▶ **Data for processing**:
Segment Open
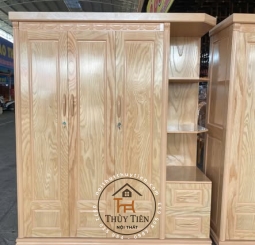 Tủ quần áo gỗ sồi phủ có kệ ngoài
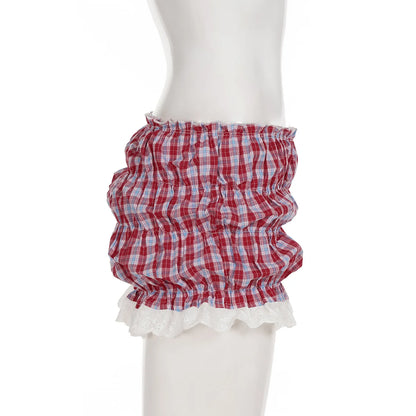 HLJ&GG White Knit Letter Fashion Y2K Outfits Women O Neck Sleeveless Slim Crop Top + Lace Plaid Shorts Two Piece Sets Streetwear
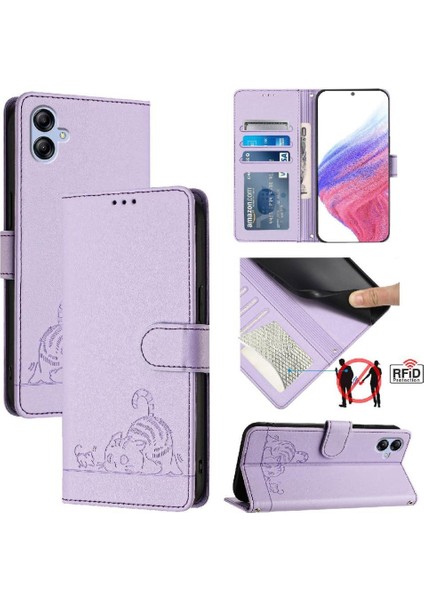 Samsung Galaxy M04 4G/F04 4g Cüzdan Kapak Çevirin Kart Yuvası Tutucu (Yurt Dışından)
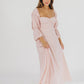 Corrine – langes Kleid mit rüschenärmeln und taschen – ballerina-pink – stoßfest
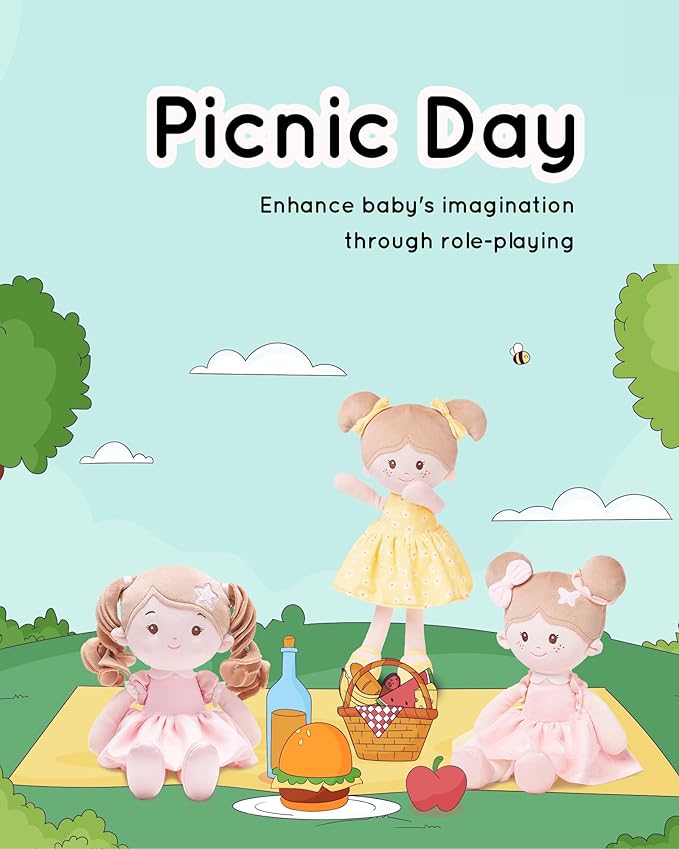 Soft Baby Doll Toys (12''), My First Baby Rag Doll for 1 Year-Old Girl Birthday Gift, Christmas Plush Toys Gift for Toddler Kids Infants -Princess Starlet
Segment Closed
The lines wanted run from the one with "HLJ&GG White Knit" through the final line of the data; repeat them word for word and skip every picture.

 HLJ&GG White Knit Letter Fashion Y2K Outfits Women O Neck Sleeveless Slim Crop Top + Lace Plaid Shorts Two Piece Sets Streetwear
 Samsung Galaxy M04 4G/F04 4g Cüzdan Kapak Çevirin Kart Yuvası Tutucu (Yurt Dışından)
 Corrine – langes Kleid mit rüschenärmeln und taschen – ballerina-pink – stoßfest
 Soft Baby Doll Toys (12''), My First Baby Rag Doll for 1 Year-Old Girl Birthday Gift, Christmas Plush Toys Gift for Toddler Kids Infants -Princess Starlet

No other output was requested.